# Aluminum Pontoon Welding



## slambert (Aug 23, 2002)

Does anyone know of a person that has portable equipment to repair/weld aluminum pontoons. I am located in the Rockford, Grand Rapids areia...Thanks for your help [email protected]


----------



## Rooster_Smasher (Oct 18, 2003)

This stuff works great

http://www.cabelas.com/prod-1/0001390010655a.shtml


----------



## cliftp (Jan 13, 2007)

I had my Lund boat welded at the Lund boat dealer in Decatur, MI the fall before last. They have a local guy with the equipment in his truck that comes to their store for the weld jobs. It may be worth a call and see if the'll give the guys name. He may be from Kalamazoo or somewhere closer to you.
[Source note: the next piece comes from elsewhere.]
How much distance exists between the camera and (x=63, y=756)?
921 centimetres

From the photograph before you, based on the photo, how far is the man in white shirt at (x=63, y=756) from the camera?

The dealer is High's Marine in Decatur, MI.

Paul Clift
Mattawan, MI


----------



## eddiejohn4 (Dec 23, 2005)

Do it yourself with alumaweld. just a torch and a wire brush. this is a fantastic product.


----------



## 2PawsRiver (Aug 4, 2002)

I know a guy just South of Watervliet that does welding and I believe he is mobile............let me know if you want his info.


----------



## john warren (Jan 25, 2005)

im on the other side of the state so not much help there, but have welded about a zillion pontoons over the years. 
first off... buy some dock bumpers, im willing to bet you rubbed a hole threw the side of the tube against a dock post, 90% of my work. second are there drain holes in the pontoons? if not adding them will save you trying to pump water out in the future. also if you try to do it yourself, and it certainly can be done. watch out for warping. aluminum can really move when you heat it up.


----------



## steez138 (Jun 6, 2011)

Rooster that cabela's link just goes to their homepage, what works grear?


----------